What sounds like death
31.03.2010
Fr Seamus Cullen learnt Japanese customs by his mistakes.
Buddhist priest in charge of a local temple is a good friend of mine. From time to time he asks me to give a talk to his flock. One of those occasions was the anniversary of the death of the Buddha. We hadn’t discussed a topic but I decided to talk about death. I took my lead from a big scroll hanging up in the temple with a quotation from the Bible, “Seek ye first the Kingdom of God.”
I decided to start with a few examples.
I began my talk. When I first came to Japan I went to language school. After a couple of months one of the older teachers invited some of us to an open air barbeque.
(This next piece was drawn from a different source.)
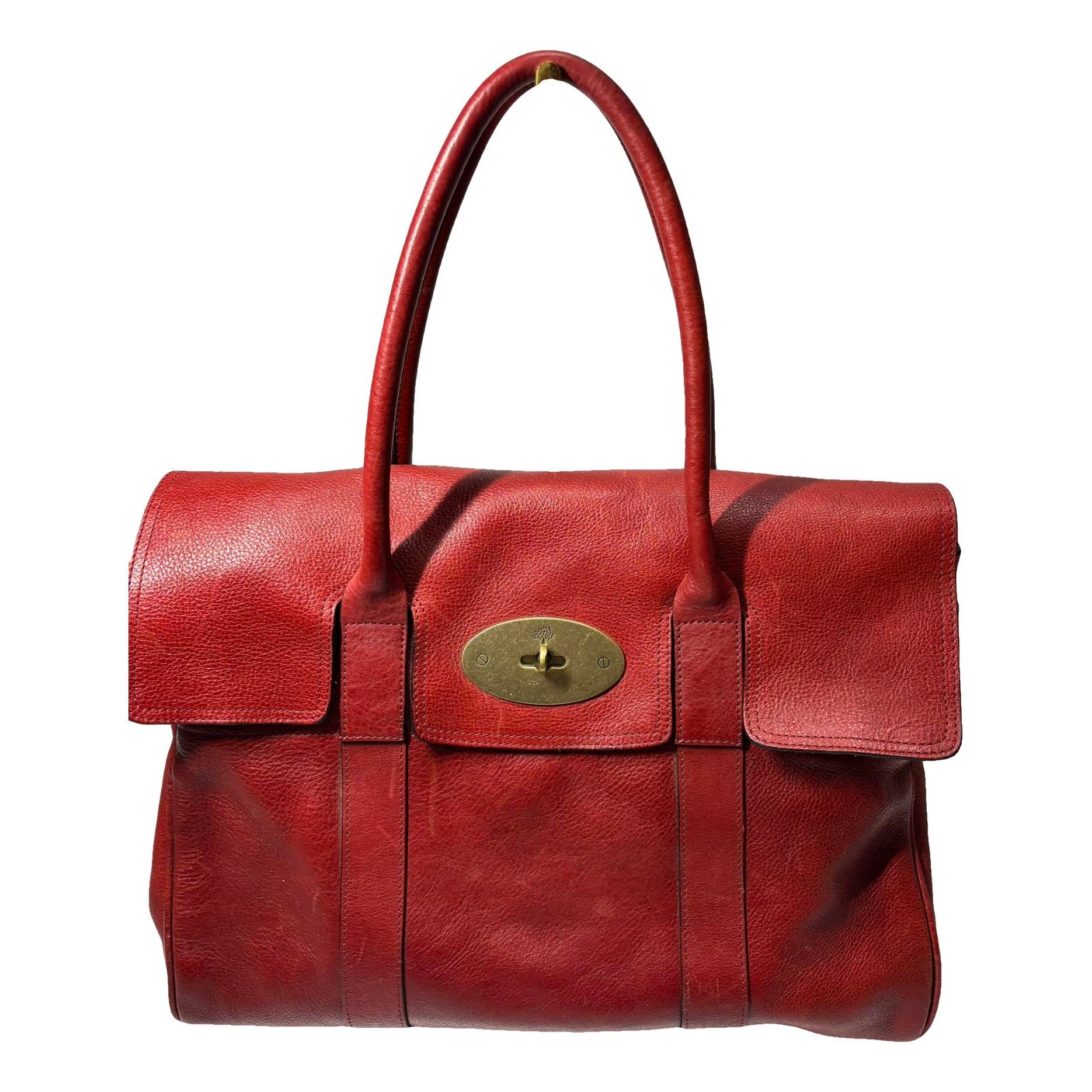 Mulberry Bayswater leather tote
We stood around and helped ourselves to whatever we fancied. The teacher picked up a piece of meat in her chopsticks and offered it to me. I reached for it with my chopsticks and, to my amazement, she withdrew and put it back on the grill. She went pale. Of course you all understand the reason why, I asked them? They nodded.
After some time in Japan, I continued, I learnt that it’s the custom to bring a present whenever you visit friends. Once I brought four apples to a house but I was disappointed at how little enthusiasm there was for my gift. You all understand why? They nodded.
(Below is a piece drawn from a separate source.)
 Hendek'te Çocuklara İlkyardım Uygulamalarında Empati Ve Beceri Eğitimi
Soon I discovered that it was difficult to find the fourth floor in a building, or to find the parking space between three and five. Four simply is not there. I didn’t understand for a long time. Again they nodded.
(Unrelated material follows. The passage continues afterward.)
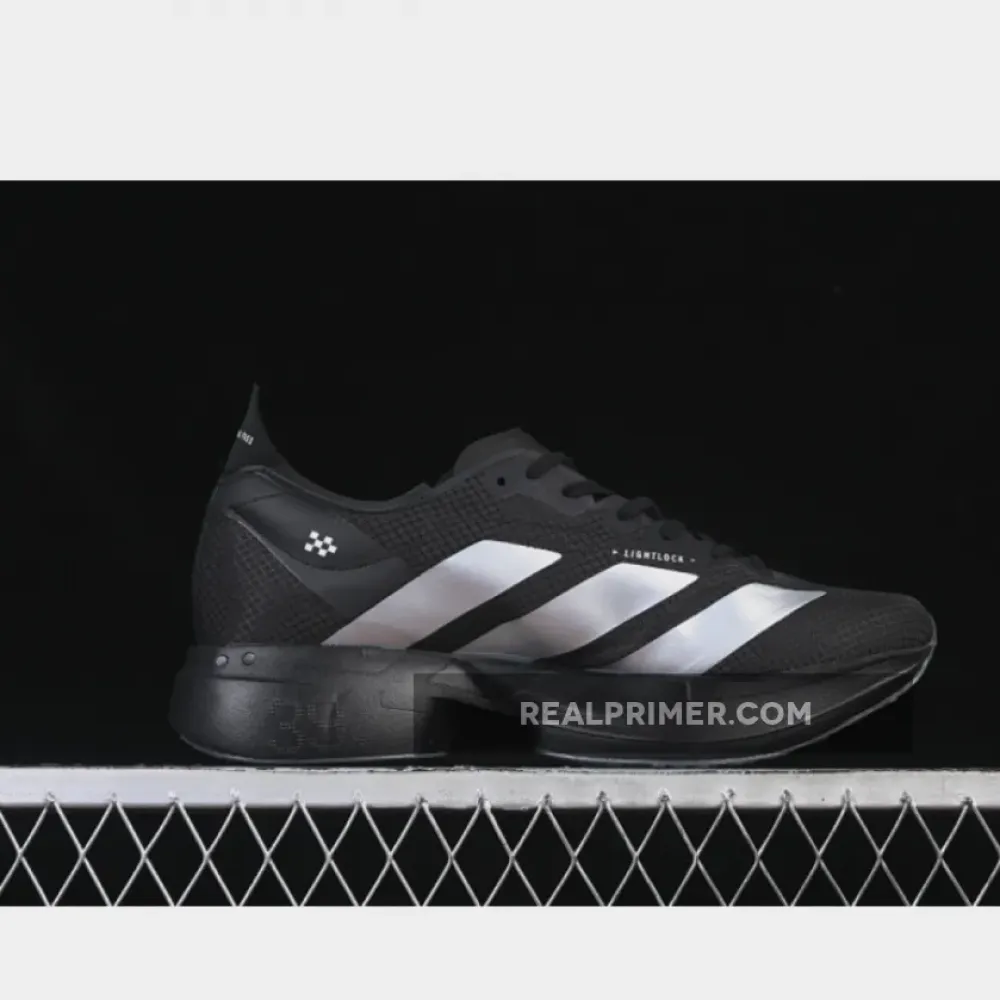 ADIZERO ADIOS 4 M BLACK/SILVER JR4887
My listeners were nodding for good reasons. The only time that two people hold the same object with two sets of chopsticks is after a cremation when they are putting the bones of a loved one into the urn. The four apples? The word for four sounds exactly the same as the word for death. It’s to be avoided. For the same reason you often don’t find a fourth floor, or a parking space numbered four.
I continued my talk by reading from the Catholic Ritual for Funerals. This gave them an idea of the kind of thing they would be likely to hear at a Catholic funeral. The Bible readings like, “...and no one who lives and has faith in me shall ever die,” (Jn 11:26) or, “And if I go and prepare a place for you, I shall come again and take you to myself, so that where I am you may be also,” (Jn 14:3) give great comfort to us Christians, I explained. For good reasons we understand them to mean that death is only a passing thing, that there is no real reason to be overly concerned about it.
But there is another dimension. Jesus did say that unless a grain of wheat falls into the ground and dies it remains but a single grain. If it dies it produces many grains. Jesus was talking about life through death rather than life after death. My Buddhist friends found this idea attractive. Placing the focus on life after death suggested that one doesn’t really start living until then. They believe strongly that unless you are really living now there is small chance that you will be living in the future.
Jesus came to offer us the gift of life to the full. This “life to the full” is offered to us every time we avail of an opportunity to die. Every day we get many such opportunities. Look at all the dying and rising to new life that a mother or father or anyone who loves someone else does each day.
I finished my talk by suggesting that perhaps the refusal to face the death of the body was an indication of an unwillingness to face dying in any form. Maybe this reluctance was an unhealthy aspect of their culture that needed to be looked at. I even suggested that they give themselves a treat by sampling the new life that comes through dying the daily letting go of unnecessary things.
But I think there were fewer nods as recommended the practice of dying.
Fr Seamus Cullen first went to Japan in 1967.